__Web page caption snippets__
::::::::
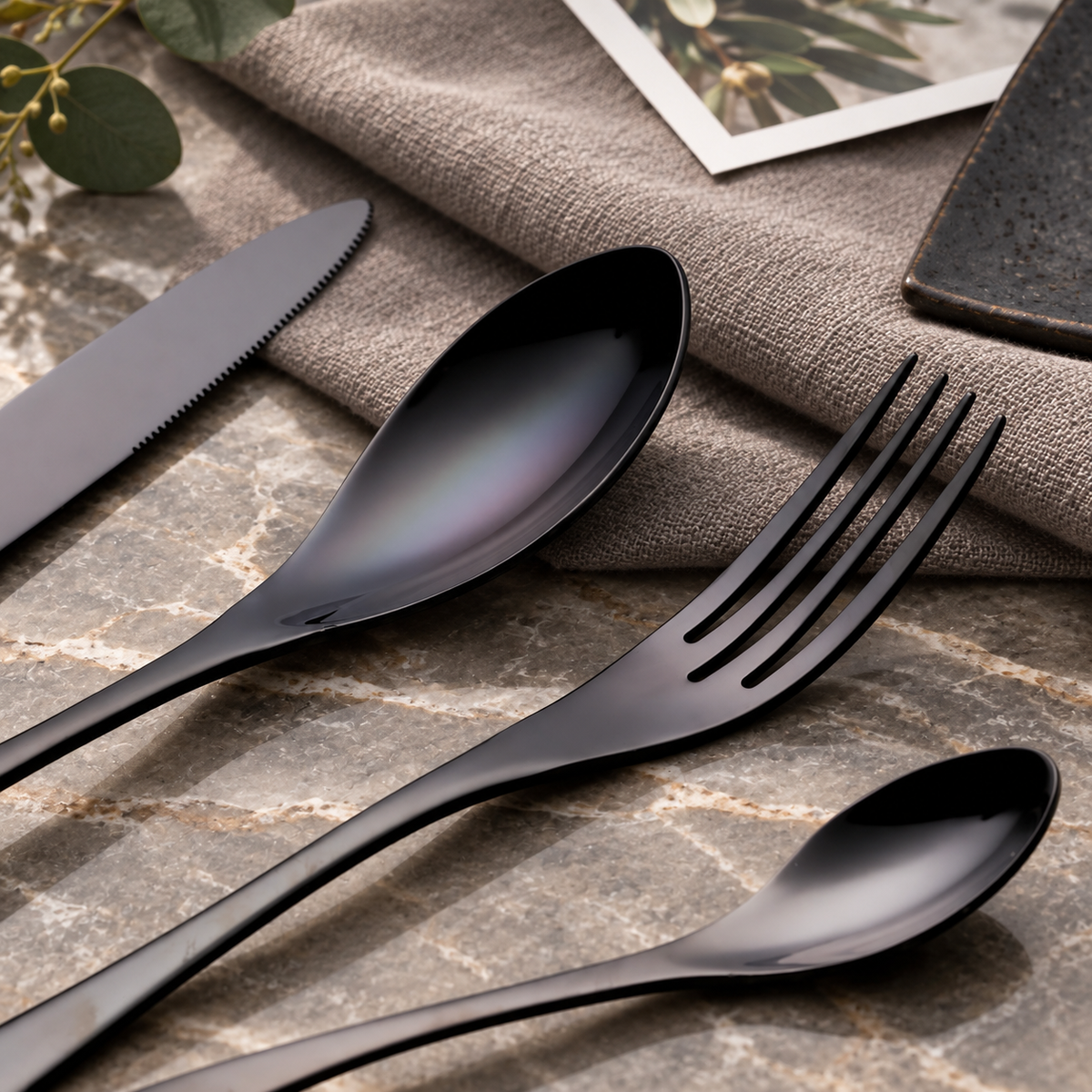 Vidar black metal cutlery close-up with knife, fork and spoons on a stone table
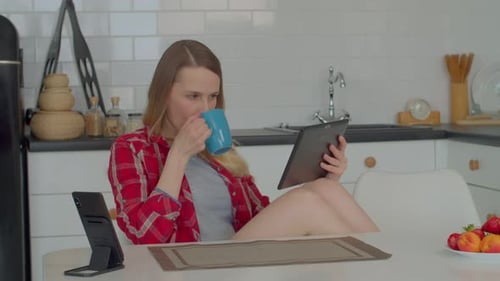 Woman Using Tablet and Drinking Coffee in Kitchen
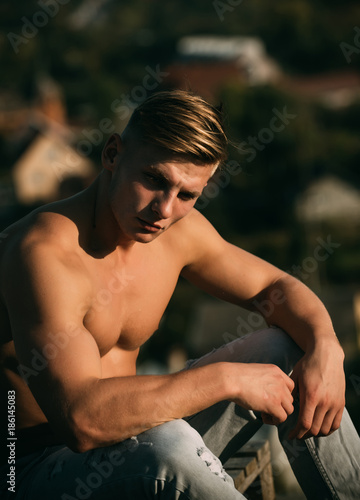Man sportsman with muscular torso sit on natural landscape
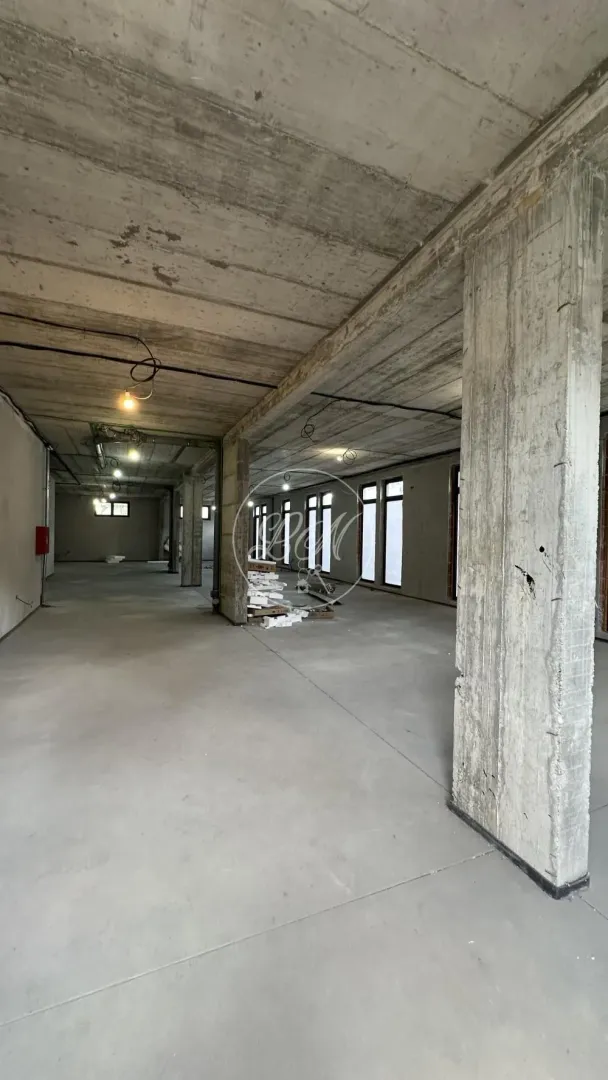 Large unfinished space in grey phase of construction with concrete pillars.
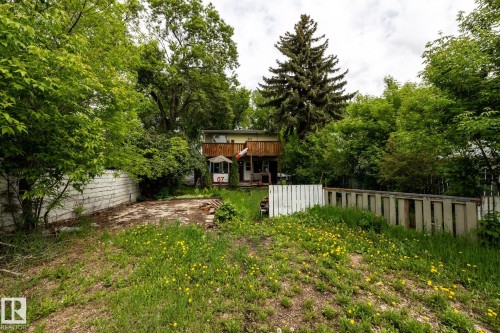 Rear yard with concrete pad and perimeter fencing - 5919 121 Avenue, Edmonton, AB 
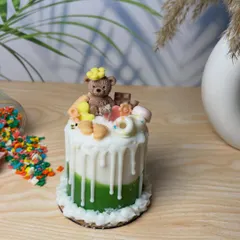 A close-up shot of my signature teddy bear cake candle. The green base, white drip effect, and adorable toppings make it a whimsical and sweet centerpiece or gift for any baby shower.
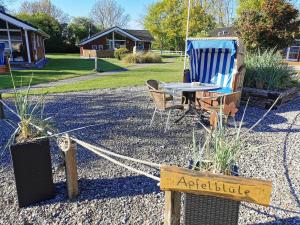 un patio con un tavolo, una sedia, un tavolo e un cartello di Ferienwohnung-Apfelbluete a Presen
::::::::
A word-for-word copy is required of the lines above from the line with "A close-up shot" through the last line of the data; no other lines and no pictures belong in it.

 A close-up shot of my signature teddy bear cake candle. The green base, white drip effect, and adorable toppings make it a whimsical and sweet centerpiece or gift for any baby shower.
 un patio con un tavolo, una sedia, un tavolo e un cartello di Ferienwohnung-Apfelbluete a Presen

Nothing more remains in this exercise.